Quest’attenzione alla seconda realtà, quella virtuale, è positiva se la intendiamo e sfruttiamo come strumento e non come fine; il fine è e deve sempre essere l’uomo. Se, invece, intendiamo la realtà virtuale come fine, lasciami dire che è davvero una misera fine rispetto a quello che siamo e che siamo stati.

Parlando invece di scenografia reale, come – e se – è cambiato il modo di fare scenografia negli ultimi 30 anni?

Gli strumenti, le situazioni, le esigenze tecniche sono differenti, così come i tempi di produzione. Queste sono le sostanziali differenze.

Ma prima di tutto dobbiamo capire cosa vuol dire costruire una scenografia. La scenografia – che sia per il teatro, per un ambiente commerciale, per la tv, ecc. – deve descrivere un’azione, deve dare un’emozione enfatizzando un racconto. È necessario che questo racconto esista già; può trattarsi di una musica come di un testo, ma deve esistere e parlare di qualcosa. Lo scopo della scenografia è dare la chiave di lettura per decriptare tale racconto.

La scenografia è serva del racconto; senza racconto, non c’è scenografia, ma solo uno o più oggetti. La sua funzione è illudere l’occhio, far vedere anche qualcosa che non c’è, per sostenere il racconto alla base di tutto.

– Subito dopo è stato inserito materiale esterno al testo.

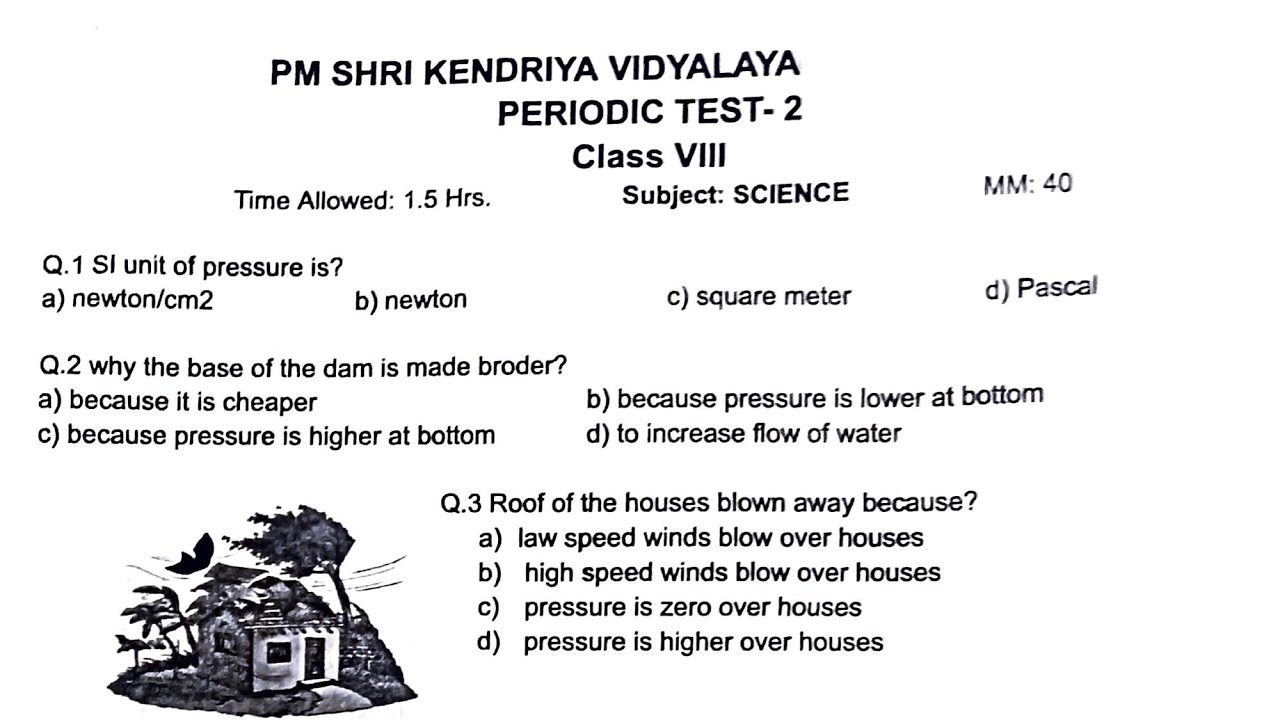 Class-8 Science / PT-2 Exam Question Paper Session 2025-26/ PM SHRI KENDRIYA VIDYALAYA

Il modo in cui do concretezza all’illusione non importa; ciò che cambia è il sistema di costruzione del contenuto. Cambiando lo strumento, cambiano tutte le regole. La scenografia digitale di oggi ha dei paradigmi diversi rispetto al passato.

Oggi le regole del mondo reale gestiscono quello virtuale, e il virtuale ci rimanda indietro le informazioni, creando l’illusione, la continuità.

I sistemi di oggi ci consentono di gestire la scenografia come fosse reale… Posso far girare una struttura senza avere un girevole. Virtualizzare l’esperienza può essere davvero interessante!

Nel tuo intervento del 19 marzo, sarai la nostra musa dell’arte. Che significato dai al termine “arte”? Ti definisci un artista?

Non ho mai pensato di essere un artista. Non perché ritengo di non avere una forma mentale che possa essere definita creativa o artistica; non perché non abbia vissuto l’arte. Anzi, l’ho vissuta fin da piccolo e, per forza di cose, ho dovuto accettare il fatto di vivere in un ambiente in cui molto spesso si parlasse di arte. 

Purtroppo la nostra società non riconosce sempre il valore dell’arte. Non intendo il valore artistico, il concetto dell’artista come persona estemporanea, con le sue idee e visioni, un po’ fuori dalle righe. Non questo. Sto parlando della professione dell’artista, che è esattamente come il meccanico o il falegname; è un vero mestiere, con una propria etica. L’etica dell’artista è quella di raccontare le emozioni. Ma, per poter essere considerato un artista, c’è bisogno di professionalità e di tutto il necessario affinché il risultato sia di qualità. 

Gli altri ti giudicano per quello che fai, non per quello che dici di essere; sono gli altri quindi a decidere se sei un artista o no. Io non sono un artista, al massimo posso essere un rappresentante di una piccola categoria dell’arte, perché il mio mestiere ha a che fare con l’arte. Ma io sono a tutti gli effetti un artigiano, oggi un artigiano digitale. 

Il mio atteggiamento rispetto all’arte è quello di una professione. Sì, per me è un lavoro essere creativo, trovare idee per risolvere un problema, trovare delle soluzioni concrete. Tutto questo porta via tempo ed energie… Senza dimenticare che, prima di tutto, ovviamente è anche una passione.

Federico, ringraziandoti per il tuo tempo, ti lasciamo tornare alla tua “professione artistica”… Aspettando di ascoltarti sul palco del teatro Giovanni da Udine il 19 marzo. A presto!